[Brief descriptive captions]
┌────────

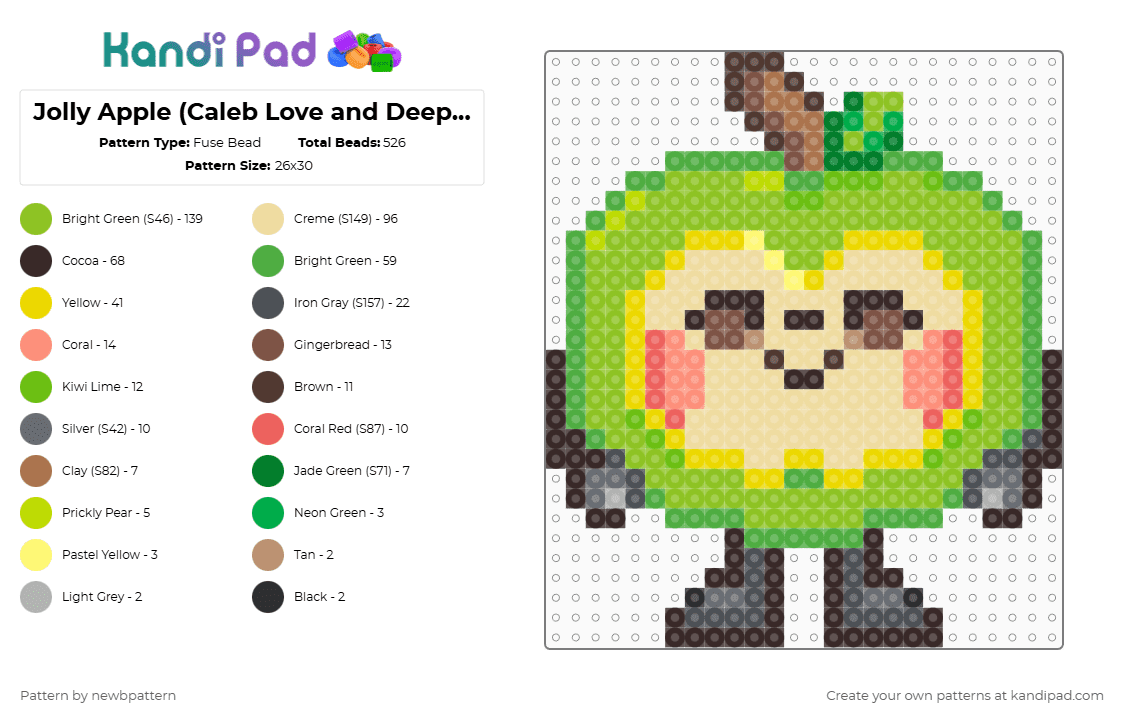Jolly Apple (Caleb Love and Deepspace Plushie) - Fuse Bead Pattern by newbpattern on Kandi Pad - brown,green,beige,love and deepspace,lads,jolly apple,jolly apple plushie,jolly apple plushie lads,caleb jolly apple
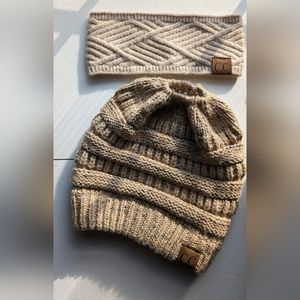 C.C. Pony Beanie  & C.C. Headband lot of 2 X-1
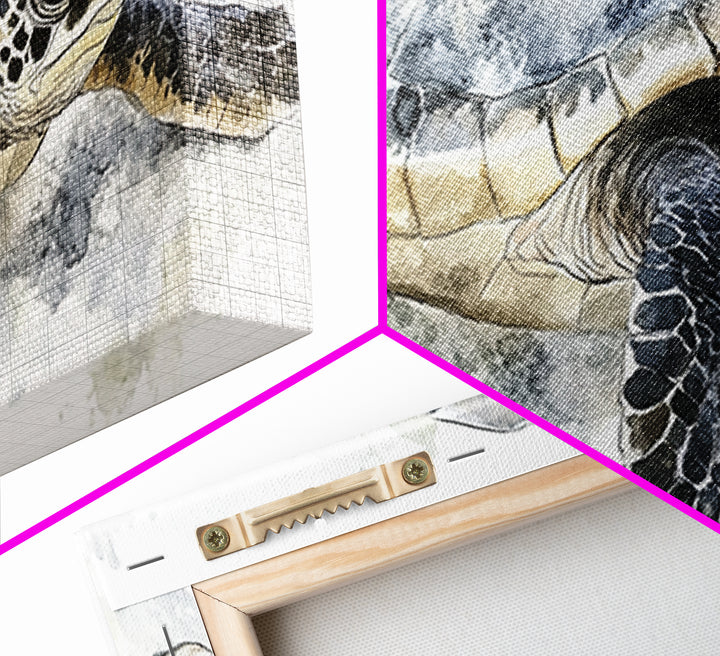 Realistic Sea Turtle Swimming Canvas Print, Coastal Wall Art, Ocean Animal Decor, Beach House Art Print, Gift For Sea Lovers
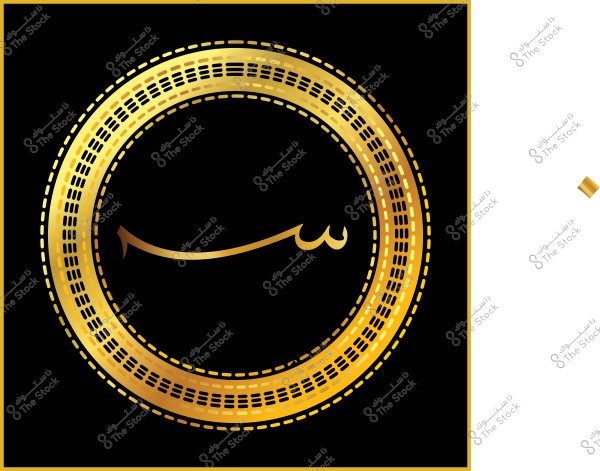 An image featuring a black background with an ornate gold circle in the center. Inside the circle, there is a stylized Arabic script in gold. The design has a luxurious feel with its golden embellishments.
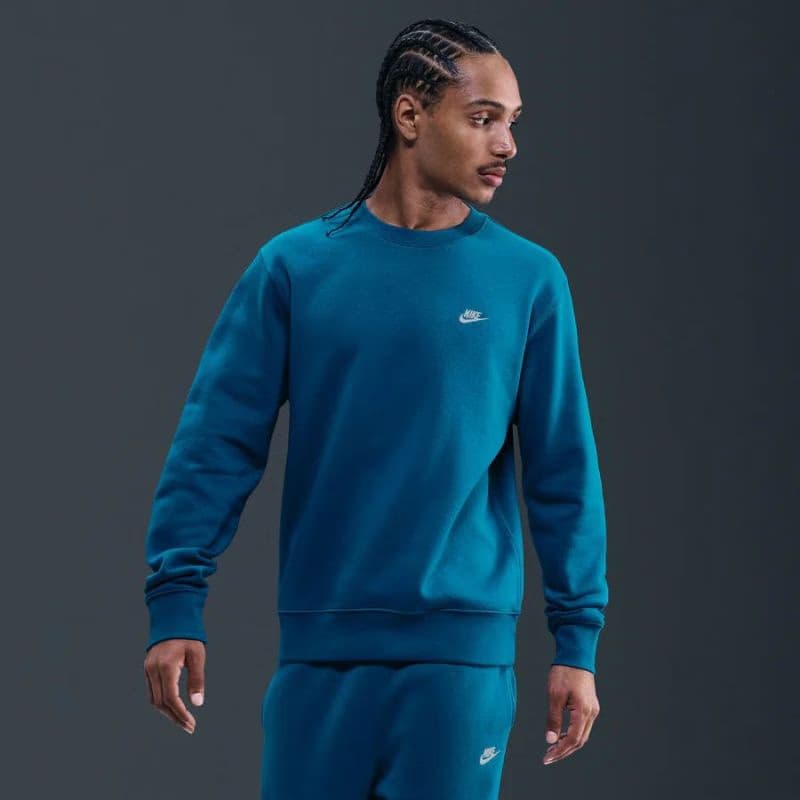 Pánska zateplená mikina NIKE M NK CLUB BB CREW GREEN ABYSS WHITE 2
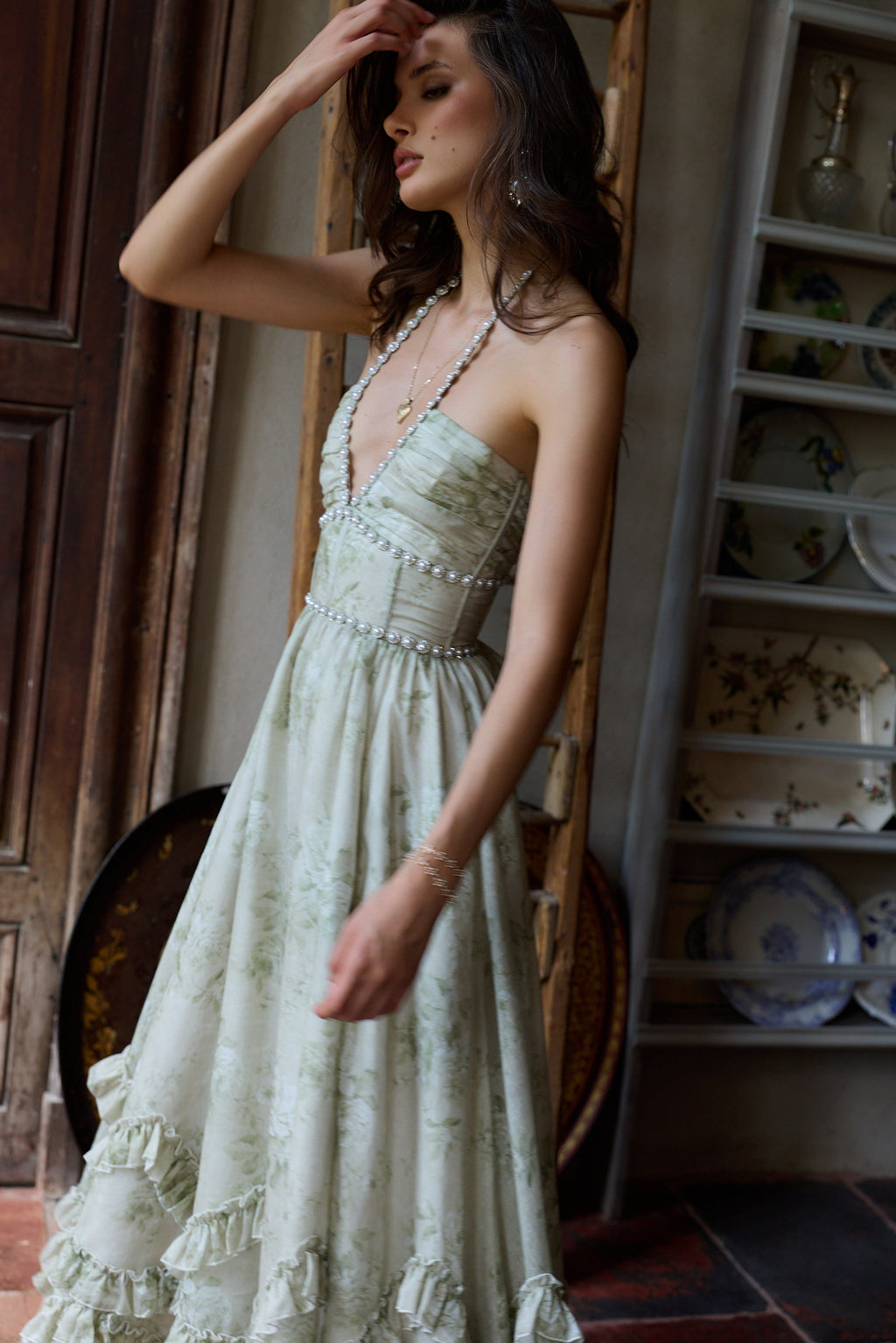 The Scarlette Dress in Sage Tapestry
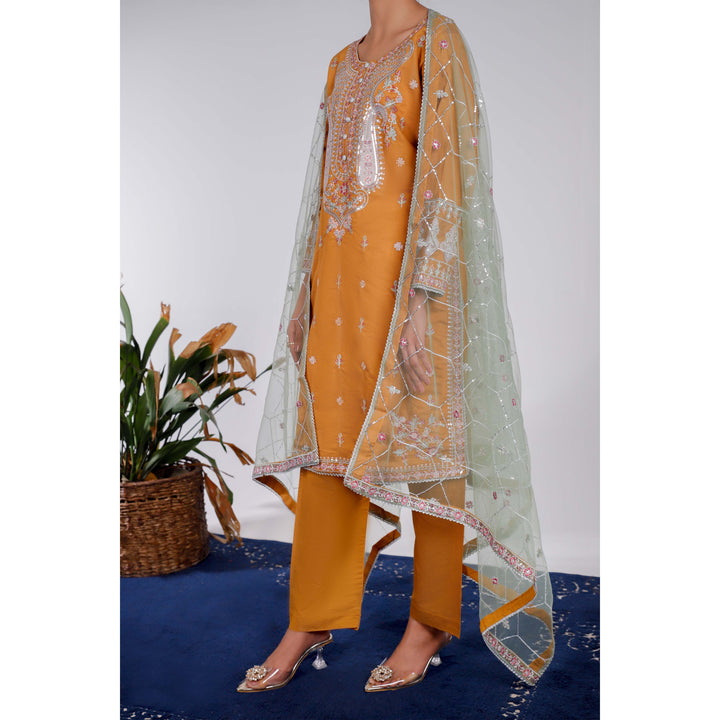 3PC- Embellished Khaddi Net Suit PF4016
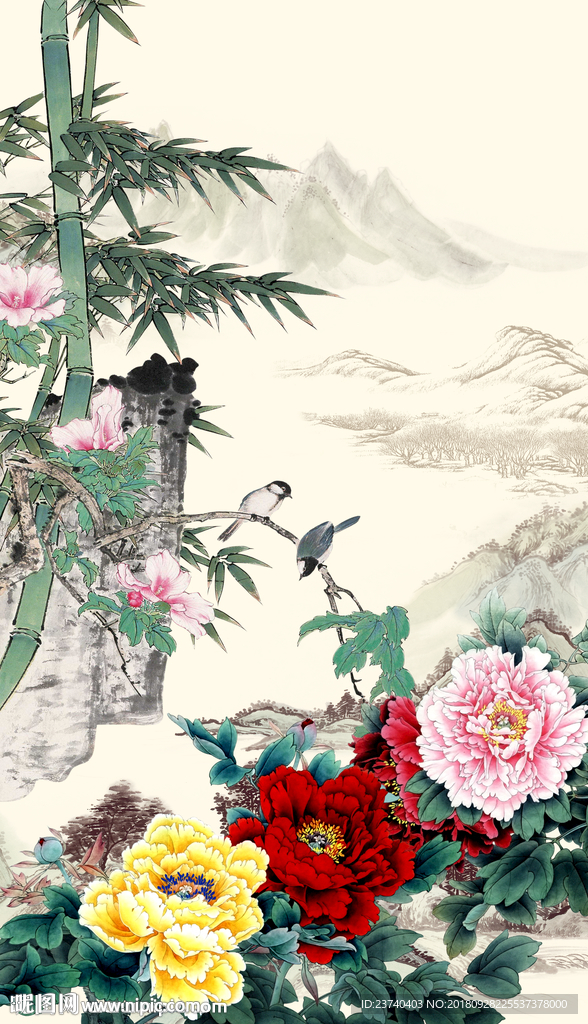 玄关 装饰画 牡丹
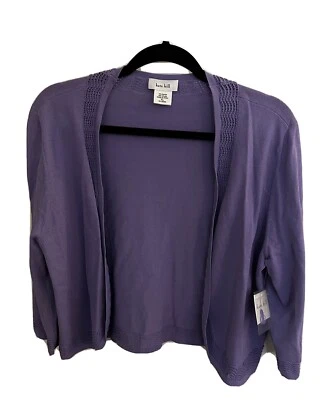 Kate Hill Essentials Crochet Open Front Cardigan - Size XL (Purple) - Image 1 of 4
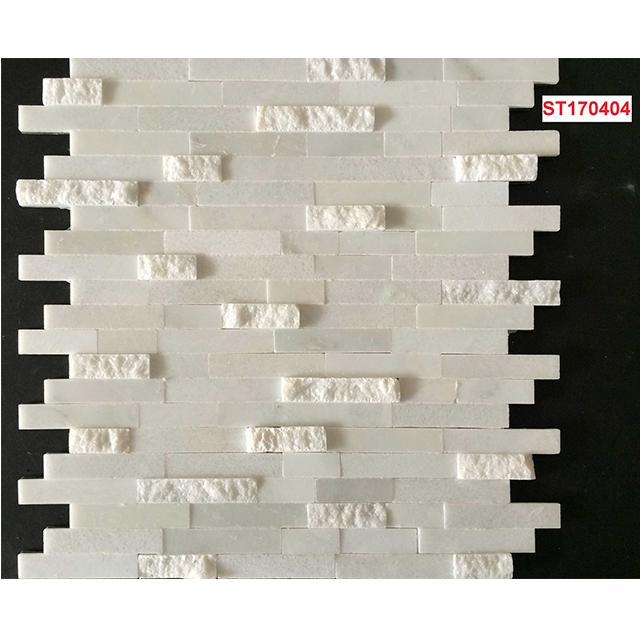 adhesive mosaic tiles China Pure White Split speed tiles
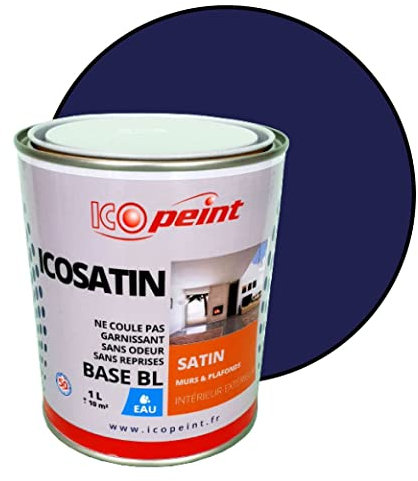Peinture Acrylique Satin Lessivable 1L - ICOSATIN RAL 5002 Bleu outremer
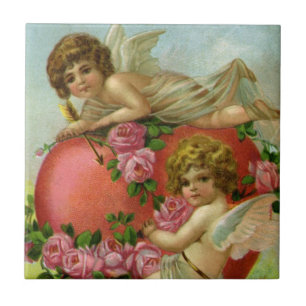 Victorian Valentinstag Vintage Engel Herz Rose Fliese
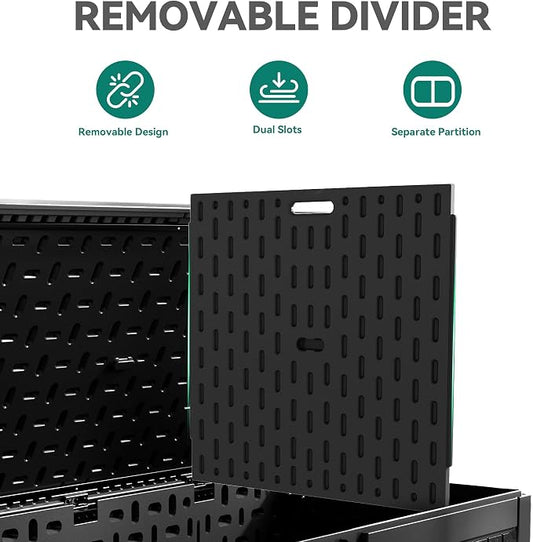 YITAHOME 320 Gallon Extra Large Deck Box | Double-Wall Resin Outdoor Storage Box with Flexible Divider for Patio Cushions Pool Supplies Garden Tools, 1000lbs Load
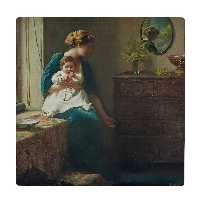  کاشی کارنیلا طرح نقاشی مادر و کودک کد wkk508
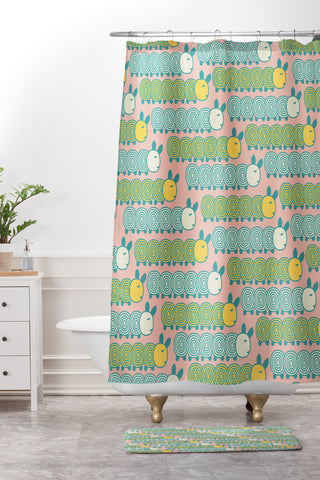 Gabriela Larios Caterpillars Shower Curtain And Mat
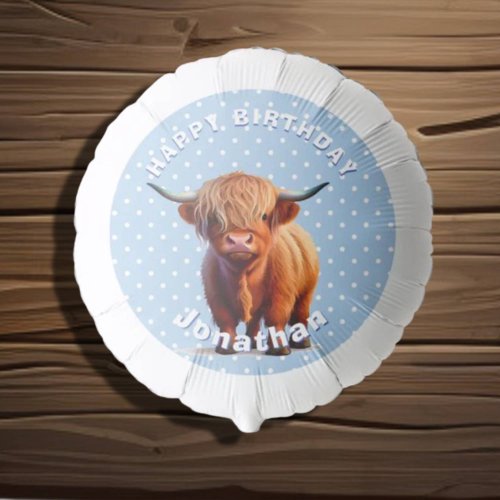 Highland Cow Blue Happy Birthday Balloon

└────────

- **To do**
For this exercise, reproduce the data above exactly from the line containing "Gabriela Larios Caterpillars" through its final line, both ends included, with no pictures in the copy.

- **Answer area**
 Gabriela Larios Caterpillars Shower Curtain And Mat
 Highland Cow Blue Happy Birthday Balloon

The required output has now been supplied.